Certes, on ne pourra pas reprocher aux Larrieu d’échapper aux cases traditionnelles en jouant sur de multiples registres et en se frottant toujours aux limites de l’inclassable, mais les cinéastes laissent les trois-quarts de leur audience sur le bas-côté. Les plus résistants ne seront même pas récompensés au bout du compte, puisque Tralala se termine comme ça, comme il avait démarré, sur rien. Voici donc le prototype du film déjà retiré des salles, alors que les affiches sont toujours présentes dans les couloirs du métro parisien. La seule chose qui nous a finalement épatés, c’est que nous avons découvert que nous pouvions réellement visionner un (mauvais) film en dormant littéralement les yeux ouverts. Et ça franchement, chapeau !
LE BLU-RAY
Les films des frères Larrieu sont sortis chez des éditeurs divers et variés, de Pathé à Gaumont, en passant par Wild Side, Diaphana, Arte et TF1 Studio. Tralala fait son apparition dans les bacs en DVD et Blu-ray chez Pyramide Vidéo. Le visuel reprend le visuel de l’affiche du film. Le menu principal est élégant, animé et musical.

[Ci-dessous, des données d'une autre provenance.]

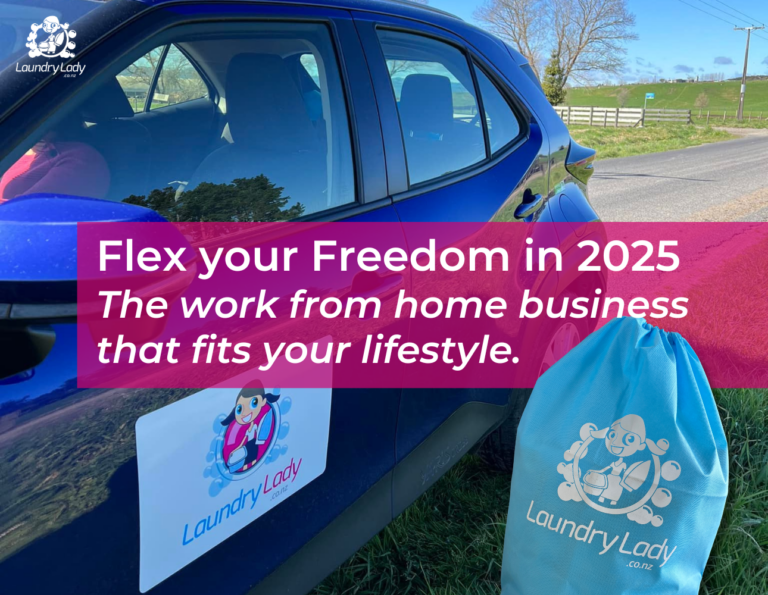 Flex your Freedom in 2025: Discover your business goals with Laundry Lady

Tralala s’accompagne d’une rapide présentation des frères Larrieu (4’), enregistrée à Lourdes (devant le décor de la grotte reconstituée pour le film Bernadette de Jean Delannoy en 1988), où ils reviennent sur leur enfance, sur leurs influences (Jacques Demy bien évidemment), sur la genèse du film, sur leurs intentions et leurs partis-pris.

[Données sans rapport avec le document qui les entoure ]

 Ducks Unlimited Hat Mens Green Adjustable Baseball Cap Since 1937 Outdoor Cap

Puis, Arnaud et Jean-Marie Larrieu reviennent pendant un peu plus de cinq minutes, pour présenter le court-métrage Madonna à Lourdes, qu’ils ont réalisé en 2001, des suites d’une commande de la FRAC Nouvelle-Aquitaine. Les Larrieu expliquent que la comédienne Hélène Fillières, leur avait fait part de son désir de travailler avec eux et qu’ils ont donc pensé immédiatement à elle pour leur film semi-documentaire.

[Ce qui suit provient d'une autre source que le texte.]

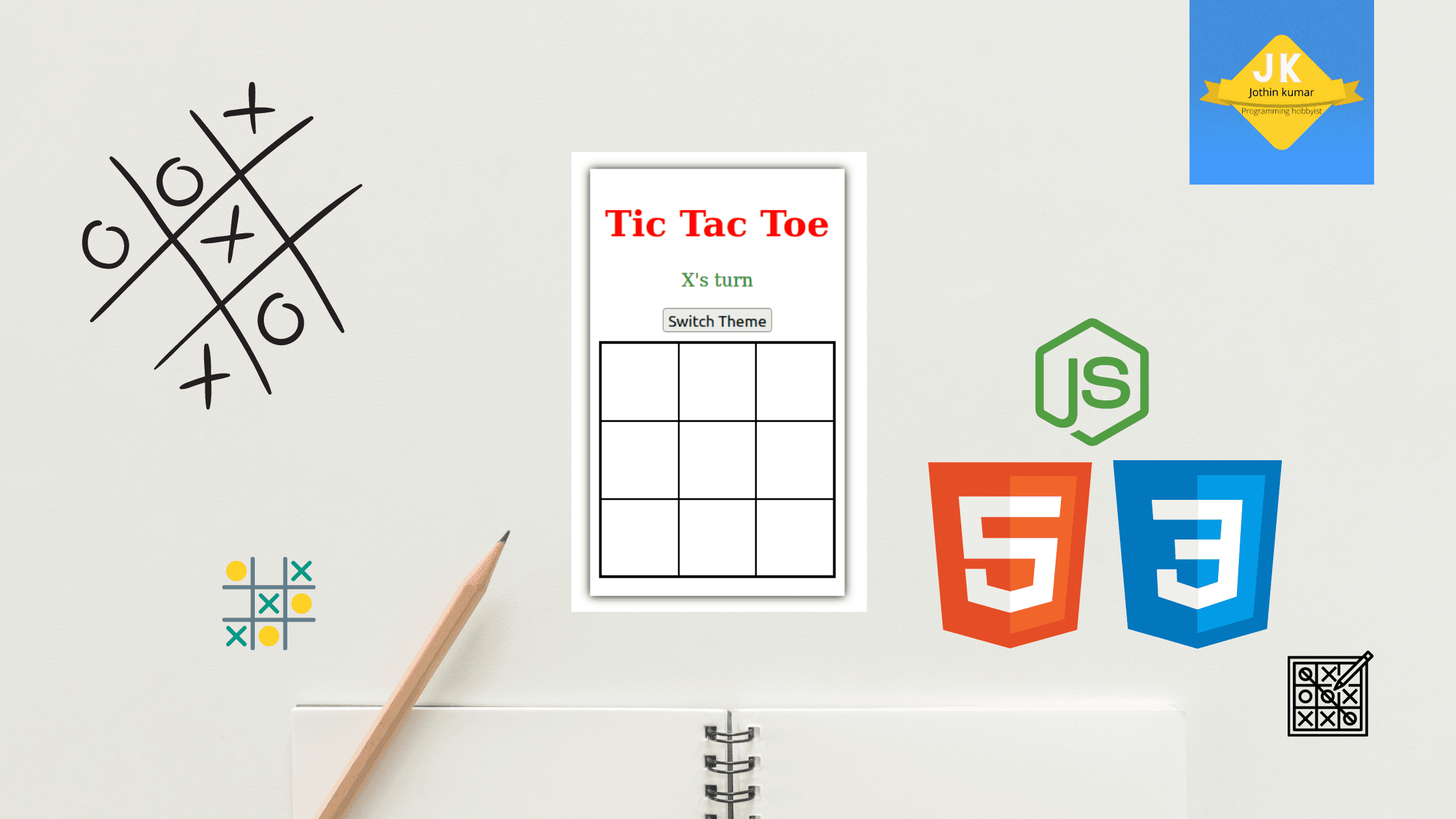 Tic Tac Toe ๐ฎ with HTML, CSS and JS - part 1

Madonna à Lourdes (24’) : Elle mesure 1m70, pèse 10 kilos, s’appelle Madonna et elle est en plâtre : c’est une réplique exacte de Notre-Dame de Lourdes, sauf qu’elle est toute jaune et que c’est l’œuvre de l’artiste allemande Katharina Fritsch. Hélène accompagne Madonna à Lourdes et doit décider de l’endroit où elle apparaîtra aux regards. Un film évidemment curieux, qui n’a pas grand intérêt, mais qui a au moins le mérite de passer très rapidement.
L’interactivité se clôt sur un lot de bandes-annonces.
L’Image et le son
Pour Tralala, les frères Larrieu ont fait appel au chef opérateur Jonathan Ricquebourg, directeur de la photographie de Mange tes morts de Jean-Charles Hue, L’Angle mort de Patrick-Mario Bernard et Shéhérazade de Jean-Bernard Marlin. Des partis-pris chatoyants, solidement pris en charge et restitués à travers ce magnifique Blu-ray avec des couleurs estivales, une luminosité de tous les instants, un piqué pointu, des contrastes denses, des détails foisonnants sur le cadre large, un relief évident du début à la fin. Le Blu-ray est au format 1080p.
L’éditeur livre une piste DTS-HD Master Audio 5.1 souvent saisissante. L’ampleur musicale est immersive, toutes les enceintes sont mises à contribution et le caisson de basses y participe activement. La pureté acoustique de cet écrin acoustique est indéniable, les dialogues sont délivrés avec force sur la centrale tandis que les frontales exsudent leurs effets avec ardeur. Evidemment, ce sont les séquences musicales qui sont les mieux loties. Une piste Stéréo dynamique, une autre au format Audiodescription, sans oublier les sous-titres anglais et français destinés aux spectateurs sourds et malentendants, sont aussi inscrits au programme.